What to do: A word-for-word retyping of the listing is the goal.

Source information:
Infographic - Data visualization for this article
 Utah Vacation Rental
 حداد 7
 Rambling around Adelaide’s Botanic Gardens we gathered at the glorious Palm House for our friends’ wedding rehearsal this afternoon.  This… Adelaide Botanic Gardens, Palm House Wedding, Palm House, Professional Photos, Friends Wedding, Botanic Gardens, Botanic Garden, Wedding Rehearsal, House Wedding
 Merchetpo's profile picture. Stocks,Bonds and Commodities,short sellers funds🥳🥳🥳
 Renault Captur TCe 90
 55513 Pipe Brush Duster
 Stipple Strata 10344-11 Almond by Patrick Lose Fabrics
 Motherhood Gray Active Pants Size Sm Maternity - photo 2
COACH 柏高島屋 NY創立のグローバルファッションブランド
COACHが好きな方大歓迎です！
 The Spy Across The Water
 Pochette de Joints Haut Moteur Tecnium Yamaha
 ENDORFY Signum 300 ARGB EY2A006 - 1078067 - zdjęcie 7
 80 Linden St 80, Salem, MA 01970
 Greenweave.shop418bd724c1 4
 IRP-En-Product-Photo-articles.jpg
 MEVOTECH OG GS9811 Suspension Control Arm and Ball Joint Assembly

Exercise response:
Infographic - Data visualization for this article
 Utah Vacation Rental
 حداد 7
 Rambling around Adelaide’s Botanic Gardens we gathered at the glorious Palm House for our friends’ wedding rehearsal this afternoon.  This… Adelaide Botanic Gardens, Palm House Wedding, Palm House, Professional Photos, Friends Wedding, Botanic Gardens, Botanic Garden, Wedding Rehearsal, House Wedding
 Merchetpo's profile picture. Stocks,Bonds and Commodities,short sellers funds🥳🥳🥳
 Renault Captur TCe 90
 55513 Pipe Brush Duster
 Stipple Strata 10344-11 Almond by Patrick Lose Fabrics
 Motherhood Gray Active Pants Size Sm Maternity - photo 2
COACH 柏高島屋 NY創立のグローバルファッションブランド
COACHが好きな方大歓迎です！
 The Spy Across The Water
 Pochette de Joints Haut Moteur Tecnium Yamaha
 ENDORFY Signum 300 ARGB EY2A006 - 1078067 - zdjęcie 7
 80 Linden St 80, Salem, MA 01970
 Greenweave.shop418bd724c1 4
 IRP-En-Product-Photo-articles.jpg
 MEVOTECH OG GS9811 Suspension Control Arm and Ball Joint Assembly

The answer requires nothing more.